Santé

Aspartame : l’illusion du sans sucre

En juillet 2023, le CIRC — le Centre International de Recherche sur
le Cancer, agence de l’OMS — a classé l’aspartame comme “cancérigène
possible pour l’homme”.

La réaction de l’industrie a été immédiate : communiqués rassurants,
experts disponibles, messages simplifiés. “Les doses consommées restent
sans danger.” Le bruit médiatique a duré 48 heures. Puis le sujet a
disparu.

L’aspartame est dans 6 000 produits alimentaires. Il est dans votre
Coca Light depuis 1983. Il est dans vos chewing-gums, vos yaourts
allégés, vos médicaments en sirop, vos vitamines à croquer. Quarante ans
de présence quotidienne dans l’alimentation de centaines de millions de
personnes.

L’histoire commence mal

L’aspartame a été découvert en 1965 par accident dans un laboratoire
de Searle — aujourd’hui Monsanto, aujourd’hui Bayer. Sa mise sur le
marché a été bloquée pendant quinze ans par la FDA, qui jugeait les
études de sécurité insuffisantes.

En 1981, Donald Rumsfeld — alors PDG de Searle, ancien secrétaire à
la Défense, futur secrétaire à la Défense — obtient l’autorisation. La
FDA venait de changer de directeur. Le nouveau directeur nommera plus
tard des membres de Searle à des postes clés de l’agence.

Ce n’est pas une théorie. C’est dans les archives du Congrès
américain.

Le mécanisme qui n’a jamais été dit

L’aspartame est présenté comme une alternative au sucre parce qu’il
n’apporte pas de calories.
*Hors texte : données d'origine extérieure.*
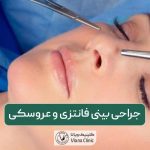 جراحی بینی فانتزی و انواع عمل بینی عروسکی زنانه و مردانه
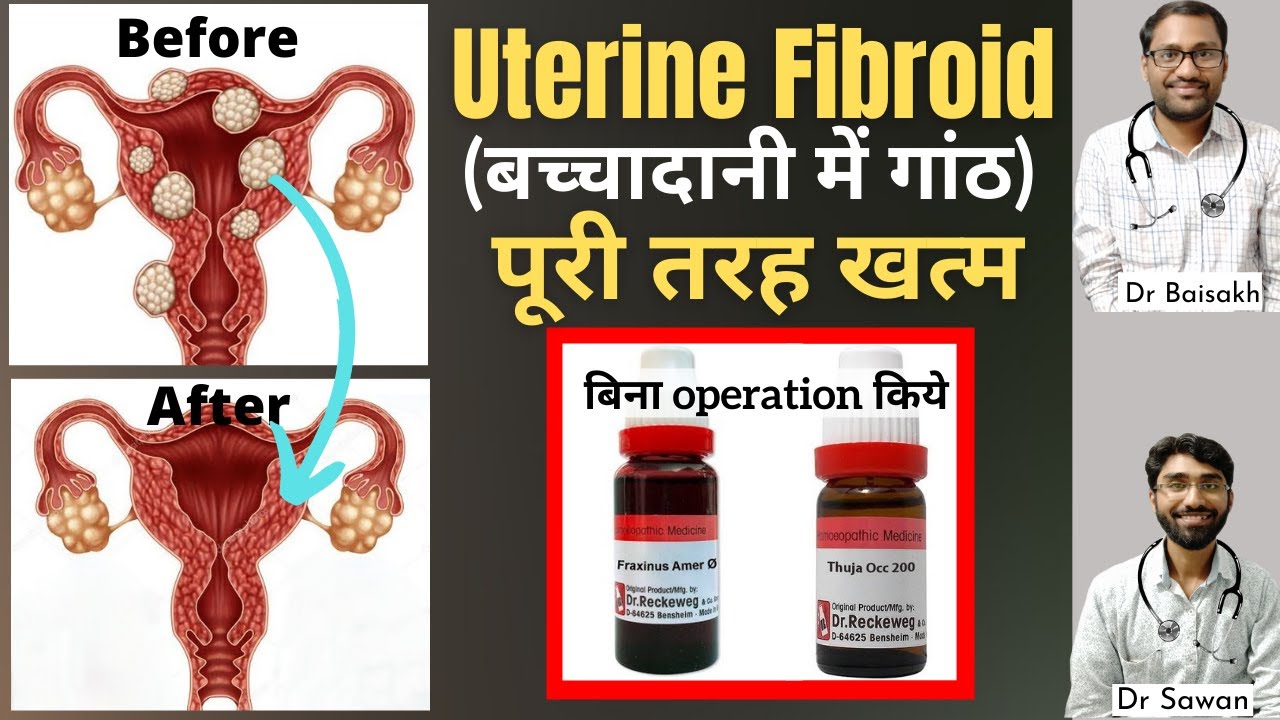 Homeopathic medicine for uterine fibroids- uterine fibroid treatment without operation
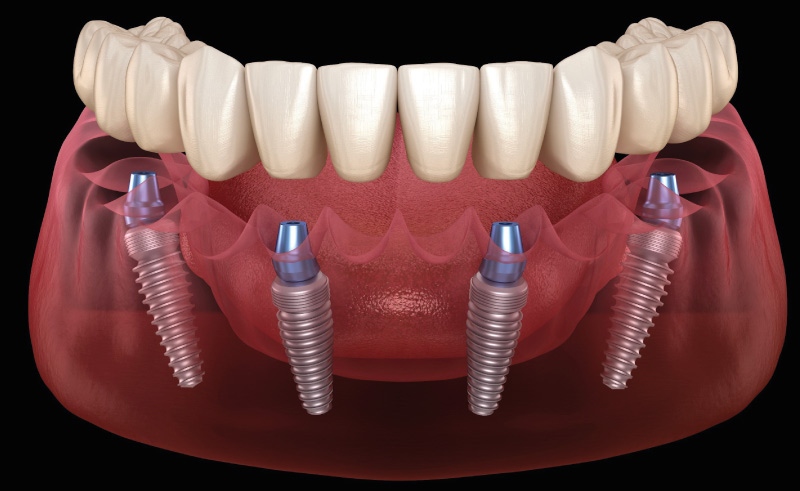 All-on-4 dental implants on NHS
Ce que les publicités ne disent pas : il
stimule la sécrétion d’insuline sans apporter de glucose.

Le résultat ? Le corps attend du sucre. Il n’en reçoit pas. La
glycémie chute. Les fringales augmentent. La consommation calorique
totale ne diminue pas — elle augmente.

Les études de cohorte le confirment : les consommateurs réguliers de
boissons “light” ont un tour de taille plus élevé et un risque de
diabète de type 2 plus important que les non-consommateurs. Le paradoxe
des boissons allégées qui font grossir est documenté depuis 2008 dans le
American Journal of Clinical Nutrition.

Ce que l’aspartame fait au microbiome

Une étude publiée dans Cell en 2022 (Weizmann Institute)
montre que l’aspartame, la saccharine et le sucralose modifient
significativement la composition du microbiome intestinal en moins de
deux semaines de consommation. Les bactéries bénéfiques diminuent. La
perméabilité intestinale augmente.

Le microbiome, c’est 38 000 milliards de bactéries. C’est le deuxième
cerveau. C’est le premier rempart immunitaire. Le perturber n’est pas
anodin.

Le problème des études

Sur les 168 études disponibles sur l’aspartame au moment de
l’autorisation européenne, une analyse publiée dans European Journal
of Clinical Nutrition
en 2013 a identifié un biais systématique :
100% des études favorables à l’aspartame étaient financées par
l’industrie. 92% des études indépendantes trouvaient des effets
négatifs.

Ce n’est pas une coïncidence. C’est une méthode.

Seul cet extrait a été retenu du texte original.